Pertinence (6) : Sur la psychologie individuelle ou le cas Ed Gein, c'est superficiel et simple, tout en restant valide pendant les quatre premiers épisodes. Aussi surprenant que cela paraisse, la série se base largement sur des faits (même la participation des romans pulp nazis est avérée) – devenus lointains par la psychose individuelle, par les fantasmes collectifs et la fantaisie des créateurs de la série. Elle avoue in extremis que certains pans sont pure imagination ; d'autres demeurent ambigus (le cas Adeline – dérive totale objectivement, ce n'était qu'une connaissance, du moins c'est ce qui se prétend et la série revendique [épisode 8] la libre-interprétation du flou – libre y compris par rapport au 'devoir' de choisir une vérité, travail abandonné aux enquêteurs).

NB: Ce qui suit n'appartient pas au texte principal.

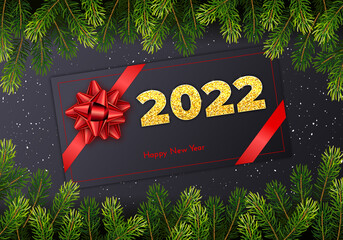 Holiday gift card Happy New Year 2022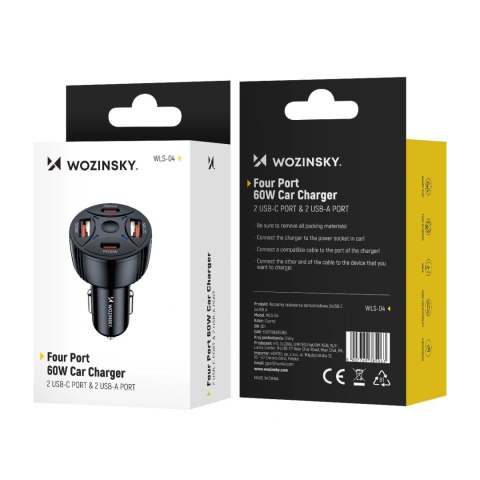 Ładowarka samochodowa Wozinsky WLS-04 2xUSB-C 2xUSB-A - czarna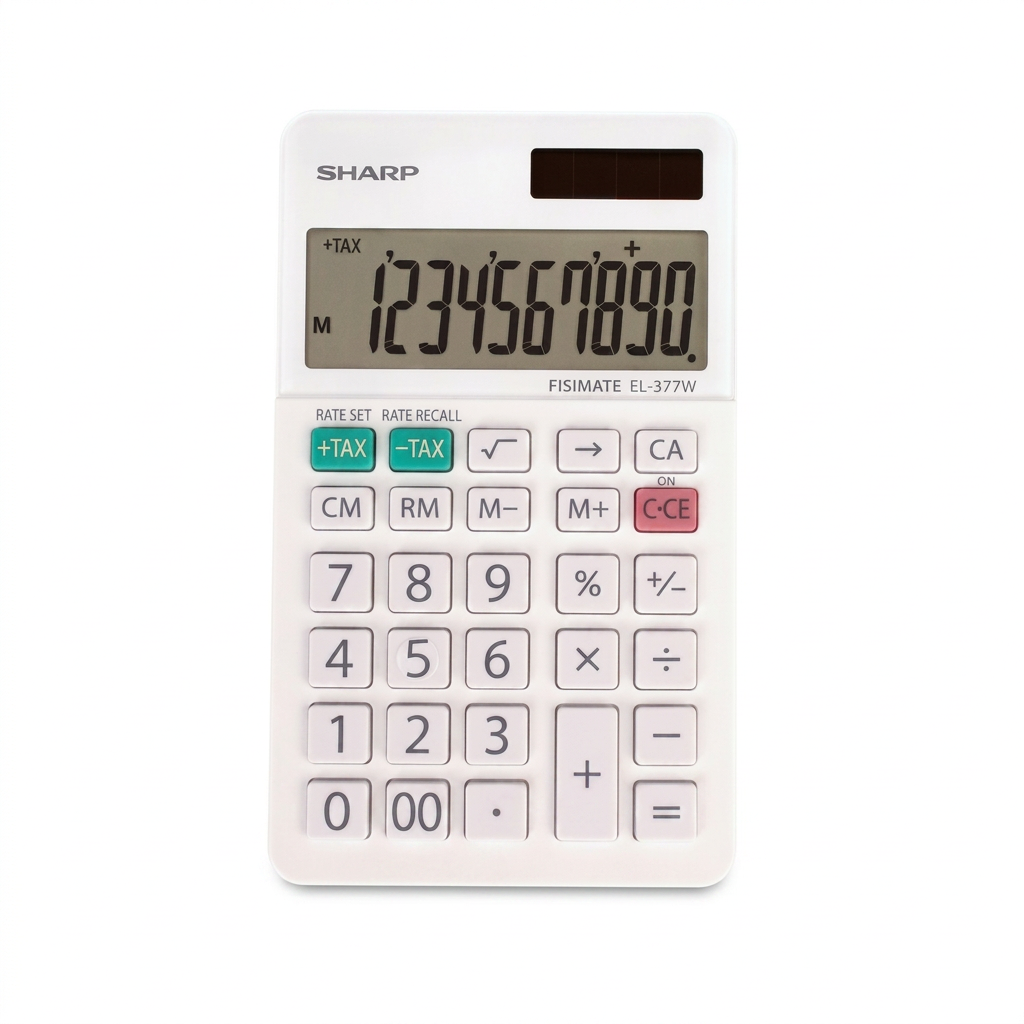 A high-resolution, centered view of the SHARP EL377W twin-power calculator on a pure white, uncluttered Shopify eCommerce background.
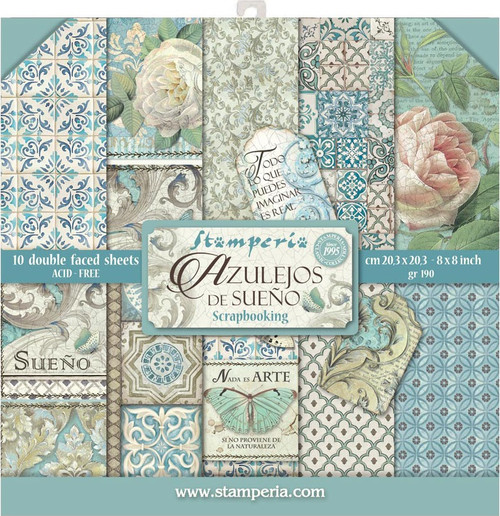 2 Pack Stamperia Double-Sided Paper Pad 8"X8" 10/Pkg-Azulejos, 10 Designs/1 Each SBBS04 - 5993110000532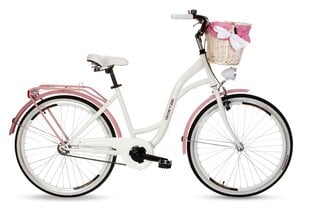 Велосипед Goetze 26 1SP с плетеной сумкой и вкладышем, белый/розовый цвет цена и информация | Велосипеды | 220.lv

Par ailleurs, l'auto-apitoiement est la récurrence la plus surprenante chez les tueurs en série – la tristesse de Gary Ridgeway devrait être une posture [pour amadouer le tribunal], finalement elle semble sincère ; et les incels, les anciens enfants maltraités par leurs mères, sont légion chez ces tueurs. De même l'ensemble des anecdotes émaillant les quatre premiers épisodes sont basées sur la biographie d'Ed Gein ; c'est difficile à avaler, mais ce que la série peint comme un gaillard possiblement simplet et sévèrement inadapté de 40 ans, au timbre digne des caricatures de Mickael Jackson, a bien été... baby-sitter et à de multiples reprises – simplement la série en fait une occasion de partir dans un territoire mêlant la folie sombre et la comédie grasse.
Style (7) : C'est du mauvais goût, c'est celui de Ryan Murphy. On peut le partager. La mère d'Ed Gein devient rapidement une sorte de mème humain ; elle est évacuée quand elle commence à glisser vers The substance (dans une séquence qui elle aussi serait complètement fondée sur les faits) ; ses réapparitions sont des fulgurances grotesques (elle surgit en hurlant ; elle félicite son fils dans un cérémonial transgressif digne des heures les plus démoniaques d'American Horror Story – Hôtel). Buffalo Gein extatique sous la neige... merci.
Sympathie (7) : Le murder porn reste gênant (il l'est même dans un passage musical de la comédie familiale Barbaque). Mais nous sommes avant tout devant un freak show - et on est servis comme il faut.